Mais à bien y réfléchir, l’expression pourrait désigner tout autre chose : le premier tour de l’élection municipale.
Car le projet « Cœur de Sèvres » fait couler tellement d’encre qu’il est devenu l’un des principaux enjeux de la campagne en cours.
Le 15 mars prochain, cinq listes devraient se présenter aux suffrages des Sévriens : celle du maire sortant, celle des Verts et des Socialistes, celle de La France insoumise, ainsi que deux listes non affiliées à des partis.
La première de ces deux listes – « Réveiller Sèvres » – est conduite par Denis Moron, qui avait obtenu 9,9 % des voix lors de l’élection municipale de 2020. Elle s’est construite sur l’opposition au projet municipal et rassemble notamment plusieurs anciens membres de la majorité sortante.
La seconde est portée par un commerçant de la ville, signe de la défiance que suscite le projet « Cœur de Sèvres » jusque dans le tissu économique local.
À première vue, cette multiplication des listes pourrait sembler favorable au maire sortant. Dans les élections municipales, la division de l’opposition constitue souvent un avantage mécanique pour l’équipe en place.
Mais la situation sévrienne est un peu plus subtile.
Car le risque d’une triangulaire au second tour devient de plus en plus plausible.
La clé de l’élection pourrait alors être le niveau atteint par Denis Moron au premier tour. Si le projet très contesté de démolition du pont provoque une réaction de rejet chez les électeurs, la liste « Réveiller Sèvres » pourrait obtenir un score proche de celui du maire sortant.
Si la campagne se cristallise réellement autour du pont, un score dépassant 25 % pour la liste Moron pourrait créer les conditions d’un second tour particulièrement ouvert.
Bien sûr, un maire sortant conserve toujours un avantage structurel dans une élection municipale.
Mais l’histoire électorale montre aussi que lorsque plusieurs facteurs se conjuguent — dissidence interne, sujet urbain conflictuel et fragmentation de l’opposition — une dynamique inattendue peut se créer.
Entre les deux tours, les listes ayant obtenu au moins 5 % des suffrages peuvent fusionner avec celles qualifiées pour le second tour, et seules celles dépassant 10 % peuvent s’y maintenir.
Le scénario le plus probable laisserait alors en lice trois listes : celle du maire sortant, celle des Verts et Socialistes, et celle conduite par Denis Moron.
Le résultat du premier tour serait encore plus inquiétant pour l’équipe sortante si Denis Moron parvenait à dépasser le maire.
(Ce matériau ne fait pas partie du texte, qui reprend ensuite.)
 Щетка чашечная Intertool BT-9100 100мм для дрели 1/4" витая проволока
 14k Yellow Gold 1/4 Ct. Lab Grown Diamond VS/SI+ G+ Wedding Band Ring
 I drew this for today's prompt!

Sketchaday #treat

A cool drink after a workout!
La triangulaire deviendrait alors particulièrement serrée.
Car dans une triangulaire municipale, il suffit d’arriver en tête — même sans majorité absolue — pour remporter l’élection.
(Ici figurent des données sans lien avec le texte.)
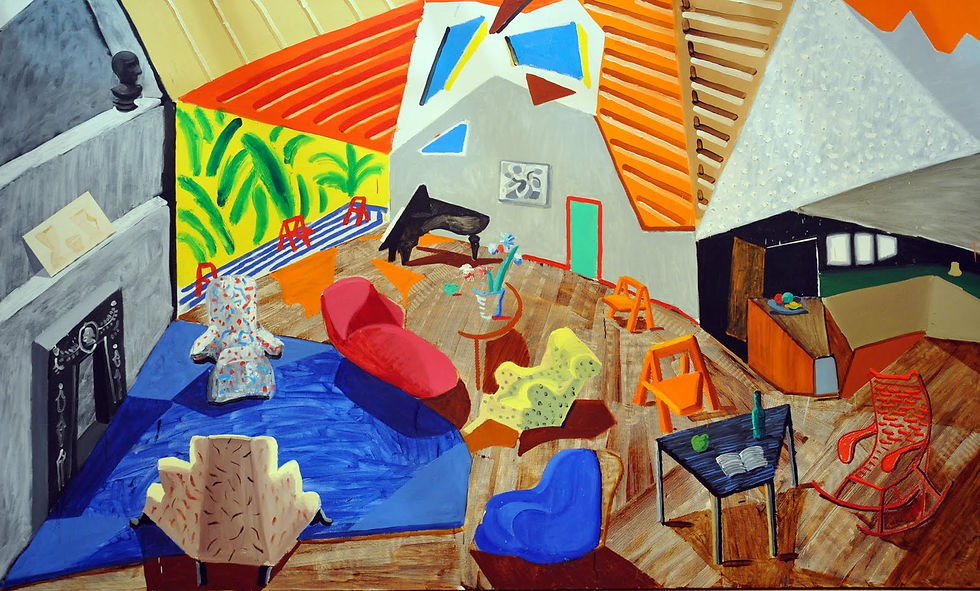 David Hockney Livingroom In LA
Et si la campagne de second tour continuait de tourner autour du pont, il n’est pas impossible qu’une partie des électeurs hostiles au projet, y compris à gauche, choisisse la liste « Réveiller Sèvres » dans une logique de vote utile contre le maire sortant.
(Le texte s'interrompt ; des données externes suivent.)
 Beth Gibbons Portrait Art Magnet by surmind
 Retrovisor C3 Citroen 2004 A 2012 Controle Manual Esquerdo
Et c’est là que la campagne peut basculer.
Cela explique sans doute pourquoi le maire a choisi d’attaquer frontalement cette liste dans son tract intitulé « Les fausses promesses de l’opposition ».
En politique municipale, un maire expérimenté identifie toujours son adversaire réel — pas forcément celui qui lui est le plus opposé idéologiquement.
À l’évidence, le maire semble avoir fait ce constat :
la gauche ne peut pas gagner seule… mais Denis Moron peut capter une partie de son électorat.
Les trois ingrédients d’un possible décrochage de l’équipe sortante seraient alors réunis :
- la division de la gauche ;
- une dissidence au sein de la majorité municipale ;
- un enjeu local symbolique doublé d’un sujet urbain conflictuel : la démolition annoncée du pont.
Dans ces conditions, la mécanique bien connue des municipales — fusions de listes, reports de voix et vote utile — pourrait faire le reste.
Si Denis Moron arrivait en tête au premier tour, la dynamique pourrait même s’inverser brutalement.
Difficile toutefois de faire un pronostic à ce stade.
Une chose est sûre : l’élection est beaucoup plus ouverte qu’il n’y paraît.
Le soir du 15 mars, les Sévriens diront si Denis Moron apparaît réellement comme le seul capable de battre le maire sortant.
On saura alors si cette fameuse « parenthèse » n’était qu’un nom de chantier…
ou le moment où la parenthèse politique ouverte par la municipalité actuelle a commencé à se refermer.